“Un senzatetto arriva in una nuova città e si ritrova intrappolato nel caos urbano, una città dove regnano la criminalità e il boss del crimine. Vedendo un paesaggio urbano pieno di rapinatori armati, poliziotti corrotti, prostitute vittime di abusi e persino un Babbo Natale pedofilo, decide di portare giustizia in città nel miglior modo che conosce: con un fucile da caccia calibro 20”

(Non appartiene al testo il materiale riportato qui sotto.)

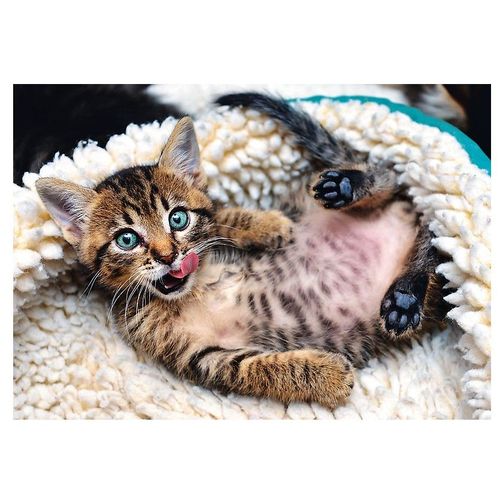 Puzzle 1000 Pièces Chaton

Un soggetto folgorante, è innegabile, che sostituisce il protagonista del trailer originale con un incisivo Rutger Hauer, protagonista assoluto di un vero e proprio delirio nichilista: il mondo, contestualizzato in un imprecisato futuro dal look anni ‘80, è andato totalmente a rotoli e sarà così l’ultimo degli emarginati a ristabilire un decisivo ordine sociale, grazie ad una straordinaria determinazione ed un fucile sempre al proprio fianco. Si aggiunga una fotografia ipersaturata ad opera di Karim “Subconscious Cruelty” Hussain ed un gusto (a dirla tutta, quasi morboso) per una violenza ai limiti del risibile e si giungerà ad una pellicola fieramente sbilenca, colma di paradossi e lungaggini, che tuttavia rispetta nel profondo – soprattutto nelle seconda parte – lo spirito precipuo del grindhouse americano che fu. Violenza, personaggi tagliati con l’accetta, dialoghi che sfoggiano frasi d’impatto disarmante: una giostra senza freni per chi decide di stare al gioco, accettando gli eccessi di un cinema dall’anima ludica che, purtroppo, non tornerà mai più.
Geniale, su tutte, la trovata della coppia di killer denominata “La peste”, che strangola le proprie vittime utilizzando cappi istantanei da agganciare al soffitto. Spassoso, quasi come uno spaghetti western.